What is it about maple frosted long johns that makes them such a top seller in so many bakeries? I don’t know, but they also are popular at the St. Charles Bakery.
In addition to the maple frosting, their other long johns have toppings of different crushed candy bars for a double sweet.
It was interesting to me that very few of the bakeries I spoke with have a wide selection of gluten-free items. In St. Charles, the bakery has a gluten-free monster cookie made with oatmeal, not flour.
What do they do with leftovers? “We hardly have anything left over,” said Donna Lang, with her husband Elroy one of the owners. “We pay close attention to numbers and try not to over-bake. We’ve been in business since 1976 and know quantities.”
Always a family business, the Lang children are also involved.
If you happen to be driving through Blooming Prairie, be sure to stop at The Bakery. Owner Greg Fristedt is proud of everything they bake, and it is a pretty complete selection — apple fritters, doughnuts, cookies of all kinds, caramel croissants, breads and buns.

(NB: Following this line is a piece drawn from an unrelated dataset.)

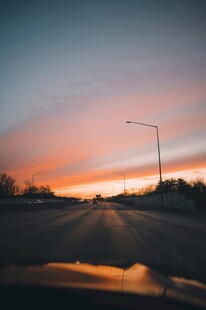 公路上的美丽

“We carry the whole gamut, though pies and cakes need to be ordered ahead,” he said.
Especially popular during the holidays are his rosettes made with his special, secret formula. “They aren’t greasy,” he said.
Apparently the last independent bakery in Austin is Super Fresh, which also is part of a garden center. Owned by Jim Stiles, he also has a wide selection of bakery items including long johns — there they are again — cinnamon rolls, cookies and breads. The bakery recently won “Best Doughnut in Mower County,” something worth checking out.
Stiles also uses locally-grown fruits and berries in his pies.
“Berries are mostly over, but now we are gearing up for apples and apple pies,” he said.
A bakery mentioned by online readers many times as well was the Spring Valley Bakery. Sadly, it is temporarily closed.
A well-known and popular bakery in Caledonia is the Caledonia Bakery.
Providing baked goods for the community for 60 years, current owner Sue Klug has owned it for the past 13 years. Baker Paul J. Tewes has ruled the ovens for more than 30 years.
Among the specialties are the breads ranging from whole grain, pumpernickel, rye and Sue’s favorite, cranberry walnut. A variety of their pies are a big draw at the 4-H food stand during the Houston County Fair.
The bakery is especially known for its fruitcakes, chock full of fruits and pecans.
“Customers come from all over to get these, some will even buy 15-20 at a time,” Klug said. “They are awesome. Even those who don’t like fruitcake like ours.”
A heads-up if you plan to go by there — sales are by check or cash only.
Finally, don’t forget some of the other bakeries in our area: Those include Daube’s, Gingerbread House and Great Harvest in Rochester; Hanisch Bakery in Red Wing; Alicia Bakery in Austin; Winona Bread and Bagels, Winona; and Pembroke Bakery in Wabasha.